■ **Activity**
Where does the word "Poster" occur in the material? Copy each line that has it.

■ **Available data**
=== Section Start ===

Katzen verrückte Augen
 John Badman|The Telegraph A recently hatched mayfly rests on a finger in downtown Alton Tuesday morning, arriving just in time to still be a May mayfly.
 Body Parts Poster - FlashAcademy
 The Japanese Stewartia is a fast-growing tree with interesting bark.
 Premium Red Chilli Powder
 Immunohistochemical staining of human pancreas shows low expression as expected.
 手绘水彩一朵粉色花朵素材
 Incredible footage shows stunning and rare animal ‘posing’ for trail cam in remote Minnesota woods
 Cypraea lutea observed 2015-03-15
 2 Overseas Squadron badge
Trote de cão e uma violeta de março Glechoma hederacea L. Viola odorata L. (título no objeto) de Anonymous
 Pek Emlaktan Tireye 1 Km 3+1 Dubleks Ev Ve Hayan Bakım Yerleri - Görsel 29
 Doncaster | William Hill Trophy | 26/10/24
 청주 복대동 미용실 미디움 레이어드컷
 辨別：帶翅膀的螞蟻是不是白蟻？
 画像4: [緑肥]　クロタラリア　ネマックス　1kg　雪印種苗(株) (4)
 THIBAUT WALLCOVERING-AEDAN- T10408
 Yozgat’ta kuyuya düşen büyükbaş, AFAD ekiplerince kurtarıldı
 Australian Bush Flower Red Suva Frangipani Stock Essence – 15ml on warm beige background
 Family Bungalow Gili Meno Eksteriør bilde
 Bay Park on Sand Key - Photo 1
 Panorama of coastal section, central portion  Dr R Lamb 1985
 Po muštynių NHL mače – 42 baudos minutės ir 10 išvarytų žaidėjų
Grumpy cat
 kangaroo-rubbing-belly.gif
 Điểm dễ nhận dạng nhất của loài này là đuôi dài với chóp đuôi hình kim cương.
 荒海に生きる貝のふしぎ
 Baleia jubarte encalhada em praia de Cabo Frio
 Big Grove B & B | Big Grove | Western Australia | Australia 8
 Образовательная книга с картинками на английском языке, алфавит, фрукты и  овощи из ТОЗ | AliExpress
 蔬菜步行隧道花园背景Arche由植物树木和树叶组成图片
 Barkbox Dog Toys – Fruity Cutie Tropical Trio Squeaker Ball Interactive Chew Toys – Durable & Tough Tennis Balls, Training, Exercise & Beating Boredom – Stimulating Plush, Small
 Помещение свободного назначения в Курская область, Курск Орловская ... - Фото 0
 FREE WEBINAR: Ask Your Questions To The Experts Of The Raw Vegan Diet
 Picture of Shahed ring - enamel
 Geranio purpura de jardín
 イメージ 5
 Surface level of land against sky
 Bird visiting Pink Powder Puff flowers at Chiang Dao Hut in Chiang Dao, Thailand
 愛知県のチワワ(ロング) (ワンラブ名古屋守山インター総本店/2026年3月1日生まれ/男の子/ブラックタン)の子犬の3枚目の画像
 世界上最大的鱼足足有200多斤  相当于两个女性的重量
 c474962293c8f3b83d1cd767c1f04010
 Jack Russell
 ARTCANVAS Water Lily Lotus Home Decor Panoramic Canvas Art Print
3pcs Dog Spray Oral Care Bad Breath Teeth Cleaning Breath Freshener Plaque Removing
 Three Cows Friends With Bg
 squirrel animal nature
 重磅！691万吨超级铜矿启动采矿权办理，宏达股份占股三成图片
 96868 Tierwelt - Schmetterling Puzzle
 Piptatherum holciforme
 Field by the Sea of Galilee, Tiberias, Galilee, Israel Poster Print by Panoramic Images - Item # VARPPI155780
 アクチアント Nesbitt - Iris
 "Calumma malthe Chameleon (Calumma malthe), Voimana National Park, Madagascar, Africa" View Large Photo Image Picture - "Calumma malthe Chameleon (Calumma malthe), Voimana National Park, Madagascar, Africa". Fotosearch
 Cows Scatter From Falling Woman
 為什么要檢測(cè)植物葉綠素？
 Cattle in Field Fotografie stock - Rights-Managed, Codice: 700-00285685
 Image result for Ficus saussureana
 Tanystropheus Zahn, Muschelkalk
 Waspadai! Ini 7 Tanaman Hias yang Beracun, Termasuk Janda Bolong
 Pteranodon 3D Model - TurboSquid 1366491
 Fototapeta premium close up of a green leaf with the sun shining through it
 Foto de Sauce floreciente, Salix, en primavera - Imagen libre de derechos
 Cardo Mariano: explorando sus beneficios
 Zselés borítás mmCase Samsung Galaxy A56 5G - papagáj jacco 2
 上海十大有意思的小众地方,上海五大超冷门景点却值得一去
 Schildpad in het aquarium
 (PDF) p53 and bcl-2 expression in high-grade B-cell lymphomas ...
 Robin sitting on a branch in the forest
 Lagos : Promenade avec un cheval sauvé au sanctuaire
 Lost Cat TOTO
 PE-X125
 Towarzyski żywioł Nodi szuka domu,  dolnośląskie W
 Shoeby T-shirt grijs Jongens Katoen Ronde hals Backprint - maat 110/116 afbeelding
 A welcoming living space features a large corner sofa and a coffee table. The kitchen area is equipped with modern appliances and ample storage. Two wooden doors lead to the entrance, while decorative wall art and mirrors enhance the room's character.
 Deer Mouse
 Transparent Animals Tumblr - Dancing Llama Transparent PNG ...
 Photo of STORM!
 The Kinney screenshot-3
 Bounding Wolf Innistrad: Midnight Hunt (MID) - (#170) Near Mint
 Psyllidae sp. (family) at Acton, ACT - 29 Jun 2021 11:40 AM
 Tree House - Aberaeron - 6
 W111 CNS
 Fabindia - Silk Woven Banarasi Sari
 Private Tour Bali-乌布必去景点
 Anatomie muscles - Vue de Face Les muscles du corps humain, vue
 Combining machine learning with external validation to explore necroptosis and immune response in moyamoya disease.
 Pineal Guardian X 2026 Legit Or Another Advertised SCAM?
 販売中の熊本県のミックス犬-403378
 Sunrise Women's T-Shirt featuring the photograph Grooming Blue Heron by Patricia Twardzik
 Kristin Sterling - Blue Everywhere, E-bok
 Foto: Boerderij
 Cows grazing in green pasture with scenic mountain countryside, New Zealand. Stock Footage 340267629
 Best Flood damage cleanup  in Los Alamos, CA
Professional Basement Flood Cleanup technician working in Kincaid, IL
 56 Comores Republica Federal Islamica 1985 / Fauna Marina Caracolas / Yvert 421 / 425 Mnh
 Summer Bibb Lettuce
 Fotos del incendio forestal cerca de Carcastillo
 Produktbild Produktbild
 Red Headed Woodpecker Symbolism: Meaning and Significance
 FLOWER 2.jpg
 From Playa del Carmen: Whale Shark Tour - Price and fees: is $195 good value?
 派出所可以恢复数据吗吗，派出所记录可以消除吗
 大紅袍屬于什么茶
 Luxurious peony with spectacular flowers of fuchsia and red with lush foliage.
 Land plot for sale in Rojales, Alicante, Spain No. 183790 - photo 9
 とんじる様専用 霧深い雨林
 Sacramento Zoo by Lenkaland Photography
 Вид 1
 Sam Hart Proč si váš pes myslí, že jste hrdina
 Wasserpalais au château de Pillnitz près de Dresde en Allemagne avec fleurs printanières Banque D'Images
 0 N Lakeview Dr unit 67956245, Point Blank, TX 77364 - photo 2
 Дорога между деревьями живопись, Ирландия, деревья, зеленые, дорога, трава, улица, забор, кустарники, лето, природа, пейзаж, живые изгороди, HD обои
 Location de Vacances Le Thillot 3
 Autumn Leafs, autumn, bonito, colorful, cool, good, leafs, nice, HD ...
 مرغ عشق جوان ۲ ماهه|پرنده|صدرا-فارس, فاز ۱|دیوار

=== Section End ===

■ **Expected answer**
 Body Parts Poster - FlashAcademy
 Field by the Sea of Galilee, Tiberias, Galilee, Israel Poster Print by Panoramic Images - Item # VARPPI155780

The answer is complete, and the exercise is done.